What to produce
Given these entries, repeat exactly the lines starting with the one that has "Abstract Data Visualization" and going on through the one that has "Seamless Diamond &", both included, but none of the pictures.

Entries shown
= = =
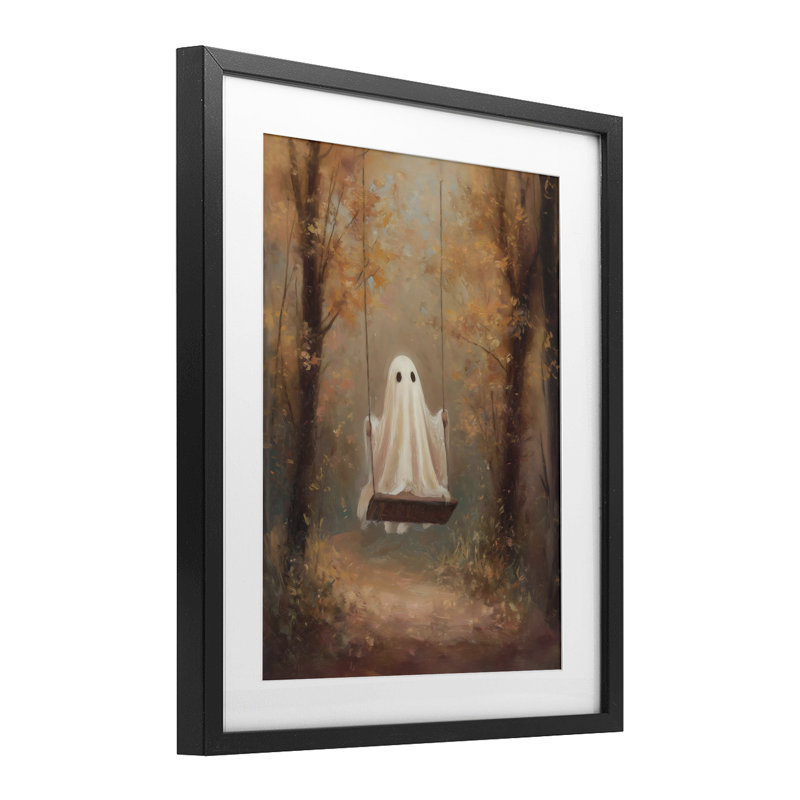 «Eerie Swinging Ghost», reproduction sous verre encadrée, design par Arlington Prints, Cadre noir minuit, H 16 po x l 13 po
= = =
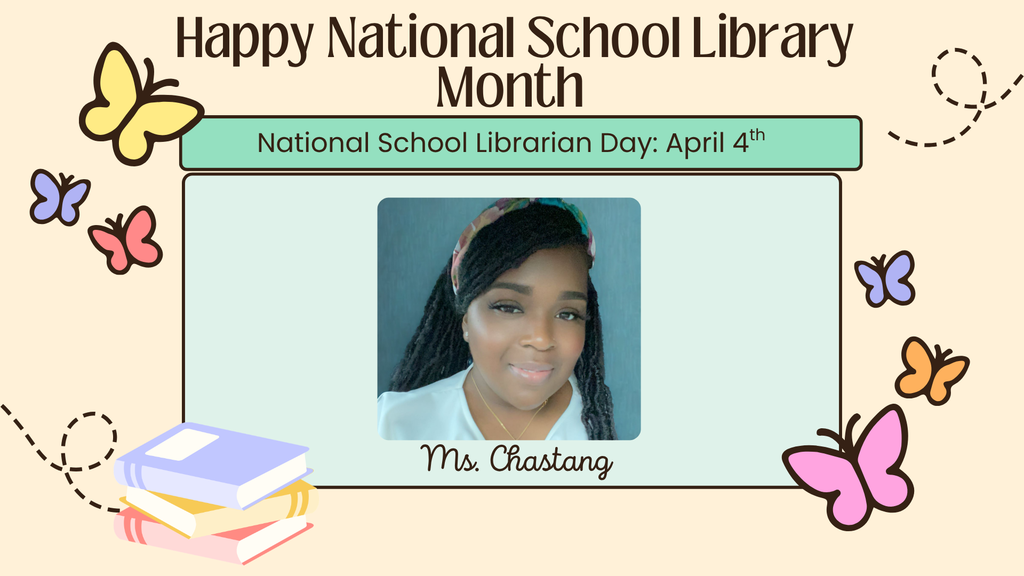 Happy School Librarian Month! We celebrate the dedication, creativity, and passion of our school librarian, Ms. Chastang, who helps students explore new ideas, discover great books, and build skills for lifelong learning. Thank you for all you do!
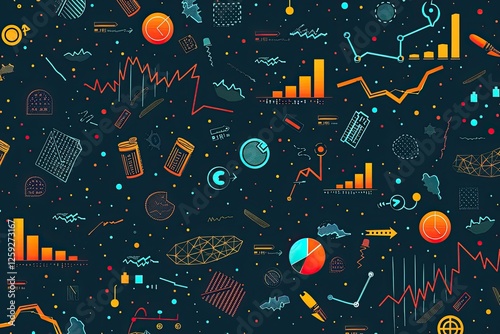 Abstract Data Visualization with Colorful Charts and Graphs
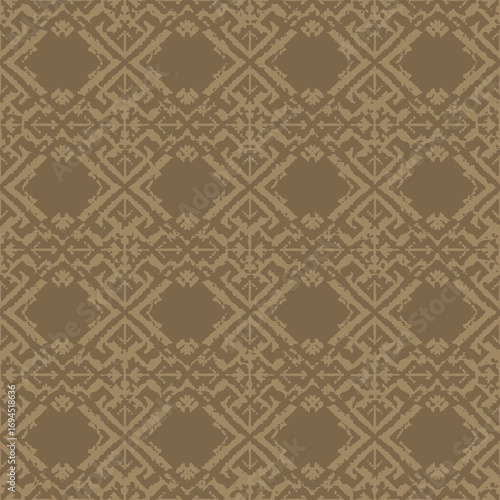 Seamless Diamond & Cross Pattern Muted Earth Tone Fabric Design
= = =
Answer area
 Abstract Data Visualization with Colorful Charts and Graphs
 Seamless Diamond & Cross Pattern Muted Earth Tone Fabric Design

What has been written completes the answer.